Why does county ignore the folly of its preference rules?
Written by Michael Lewis on November 11, 2015
Do you willingly buy shoddy items or pay extra just because goods are made here? Not likely.
Do you pay a worker down the street more than one who commutes? Also unlikely.
But that’s what we ask government’s buyers to do when we order a local buying preference. Buy-local rules inevitably yield less for our dollar.
That’s not the way preferences are advertised, of course. A rule that Miami-Dade tacked onto vendor dealings last week says that buying locally grows our tax base.

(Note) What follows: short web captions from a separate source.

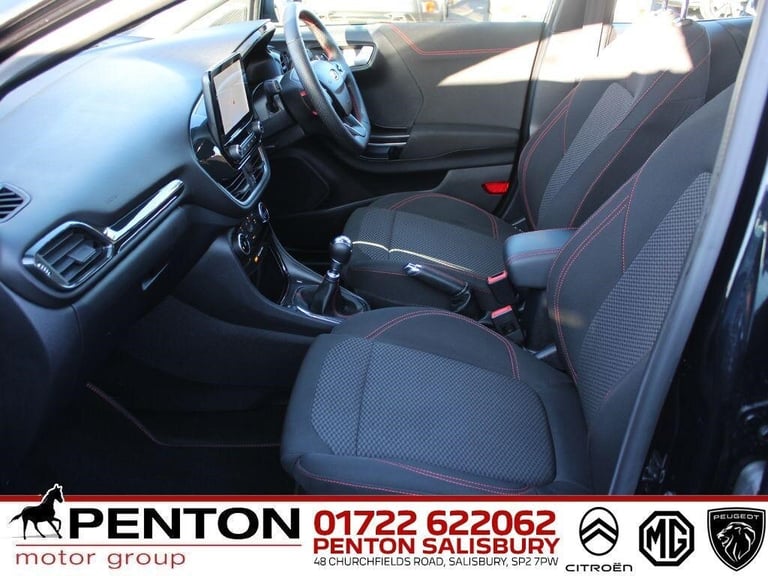 2023 Ford Puma 1.0T EcoBoost MHEV ST-Line Euro 6 (s/s) 5dr HATCHBACK Petrol/Electric Hybrid Manual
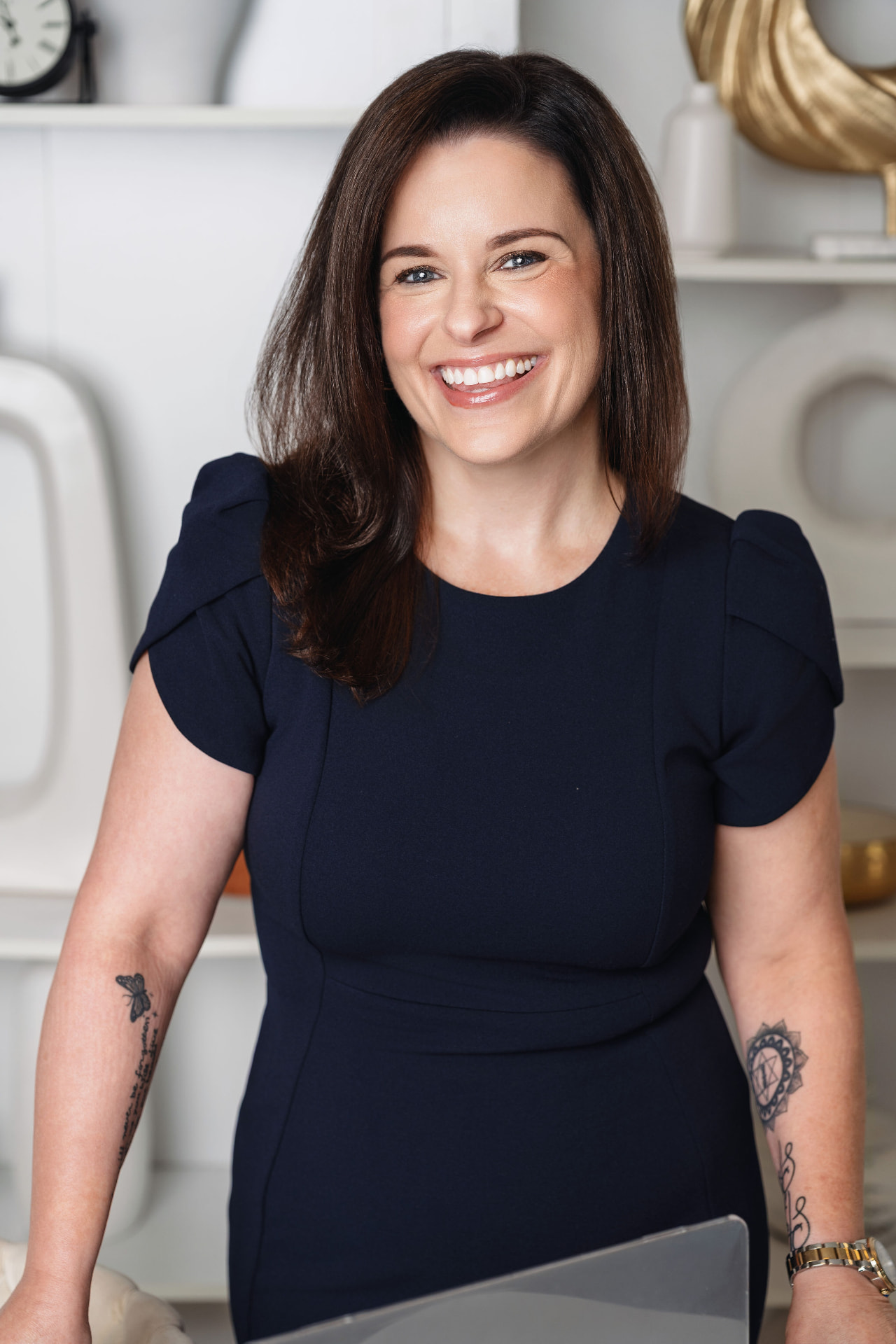 Portrait of Tracy Hill
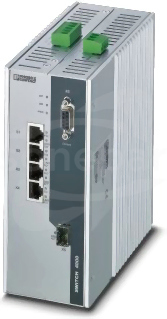FL SWITCH 4000T-4POE-SFP Industrial Ethernet Switch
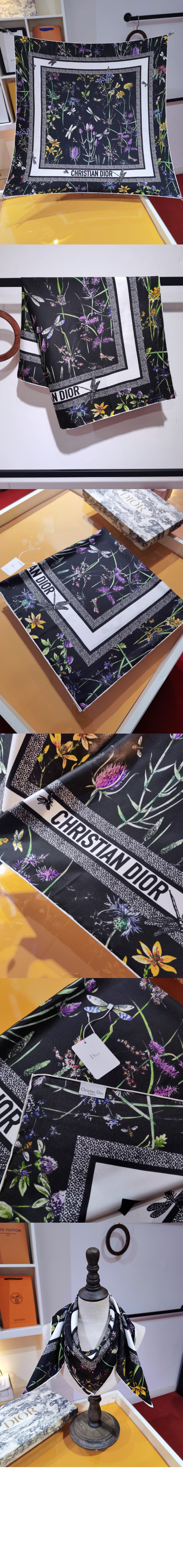 미러급레플리카사이트 | 명품레플리카 전문 쇼핑몰  | 퍼스트원 - Herbarium 90 스퀘어 스카프 44HER > 디올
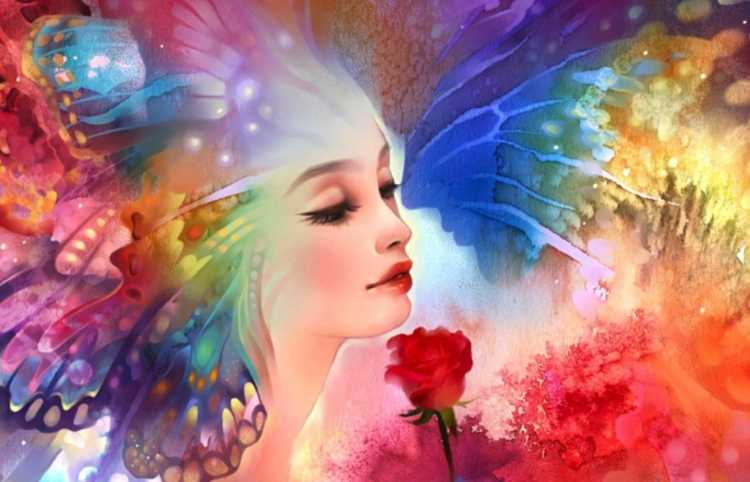 Женщина Радуга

But that ignores the far greater added cost of local preferences.
These noxious rules have spread through not just the county but schools and cities, In one way or another, they require that in hiring contractors and in bids, local firms get an edge.
It seems logical: spend at home and it stays at home, so we all gain. But all the experts agree that by trying to help local businesses with bid and purchasing preferences we actually get less for our money and support our most inefficient businesses.
In government bids with local preferences, everyone knows the game is rigged to give a set advantage, let’s say 10%, to local bidders. Knowing of that huge handicap, top out-of-town firms won’t bid if someone local can. Since “out of town” covers the entire globe but Miami, most innovative, high-quality businesses don’t bid – even those that also have big operations here.
Local firms know that not only do they get a 10% edge so they can raise bids, but that they don’t need to innovate or be particularly good. The only people they have to beat are here in town, firms that also know they can raise prices and neither innovate nor offer high quality.
Even good local bidders are deterred, knowing that inefficient competitors who normally couldn’t beat them for quality or price join in a 10% edge that will tilt results.
That leaves a much smaller pool of bidders, who then can all raise prices far above going rates; the firm that doesn’t get this bid gets the next one, and in every case bid prices are far too high. A small group of insiders usually wins. It’s called an oligopoly.
So government not only winds up paying more, it gets less quality. And local companies that specialize in government bids have no reason to push for either low prices or high quality – or get better.
There are subtleties to preference laws. In rules that Miami-Dade commissioners altered unanimously last week with no discussion, all vendors must now list all in-county operations, the number of employees who live in county, the number of residents in counties with which we have reciprocal arrangements, and the ratio of local employees to the firm’s overall workforce.
Anyone ruling on a contract – including commissioners – gets all that data.
That’s more red tape, which in itself deters bids. Worse, it’s an implied threat: if commissioners see too little local involvement they’ll torpedo a contract. They’ve done it before.
Vendors all know the implications of those questions. The more involved they are outside of Miami-Dade, the less likely they are to bid here. That further limits bidder number and quality.
It’s Economics 101 – lack of competition raises prices, lowers quality, or both.
So, did our commissioners skip Economics 101, or are they fully aware of the impact but assume that voters aren’t?
Certainly, professional purchasers know preferences are just plain wrong. The Institute for Public Procurement, the National Association of State Purchasing Officials and the American Bar Association all oppose such roadblocks.
Among reasons the Virginia Association of Governmental Purchasing cites for opposes local preferences are: they cost taxpayers more, distort markets by buying from inefficient sources, decrease government efficiency, reduce competitive bidders, impede creativity, raise prices, and “create a subsidy for a few business taxpayers at the expense of all residential and business taxpayers.”
Internally in government, the Virginia group found, preferences add staff time and complicate picking a winner, increase bid protests, foment barriers elsewhere and breed legal challenges.
So why wasn’t any of that mentioned when the county enacted the latest of our long list of preference rules last week? No discussion, no dissent. And why didn’t the committee that recommended the new barriers discuss anything either?
Without preference rules, government buyers are supposed to take the best offers for the benefit of all taxpayers. Each added preference rule hobbles professionals in doing that, costing us both efficiency and money.
In a global hub that asks the rest of the world to come do business in Miami, when will even one commissioner challenge rules that repel the very businesses that we are wooing?
We are simultaneously costing taxpayers more and posting a “no outsiders wanted” sign on county hall, thus shooting ourselves not just in one foot but in both.